Russia warns of 'uncomfortable' signals to U.S. ahead of summit

Russia said Monday it would send "uncomfortable" signals to the United States ahead of next month's scheduled summit between President Biden and Russian President Vladimir Putin. The warning came a day after Biden said he would press Putin to respect human rights at the June 16 meeting in Geneva. Relations between Washington and Moscow have reached post-Cold War lows following U.S. allegations of Russian attempts to influence America's 2016 and 2020 elections, and a Russian military build-up near Ukraine. Tensions intensified recently over Russia's jailing of opposition leader Alexei Navalny, an outspoken Kremlin critic. Sergei Ryabkov, Russia's deputy foreign minister, was quoted by the RIA news agency saying Russia would respond to Biden's remarks on human rights.


Tesla raising prices due to supply chain difficulties

Tesla is raising prices for some of its electric-vehicle models due to supply chain problems plaguing auto makers, CEO Elon Musk announced Monday in a tweet. "Prices increasing due to major supply chain price pressure industry-wide.

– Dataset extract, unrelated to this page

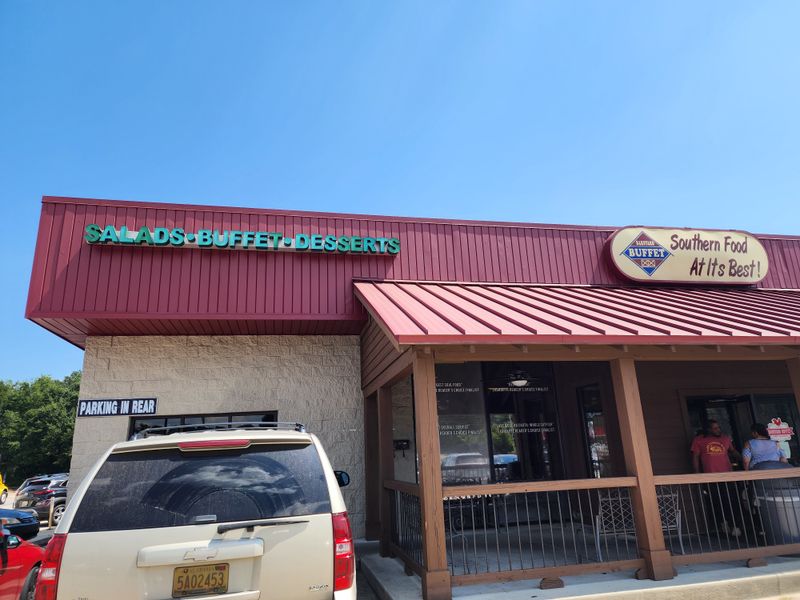 15 Alabama Seafood Buffets That Prove Comfort Food Tastes Better By The Gulf - Decor Hint Nelson's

Raw materials especially," Musk wrote. Tesla hiked prices on its Model 3 and Model Y vehicles for the fifth time in several months, according to the Electrek website. In April, Musk also announced that the company was fighting through "insane" supply chain difficulties, including a chip shortage that has hampered production for most auto makers. The semiconductor bottleneck is expected to cost car makers around the world $110 billion in 2021. Ford and General Motors have slashed their earnings expectations by billions of dollars due to the crunch.


Naomi Osaka withdraws from French Open

Tennis star Naomi Osaka withdrew from the French Open on Monday, saying she would "take some time away from the court" after she was fined $15,000 and threatened with more sanctions for refusing to attend a mandatory press conference after her first-round win. Osaka wrote in a lengthy statement that she didn't want to be a distraction so "the best thing for the tournament, the other players, and my well-being is that I withdraw." Osaka, 23, said she had struggled with depression after her first major win in 2018, and got "huge waves of anxiety" whenever forced to speak to international media. Gilles Moretton, the president of the French Tennis Federation, said the tournament's organizers were "sorry and sad" for Osaka, and wished her "the quickest possible recovery."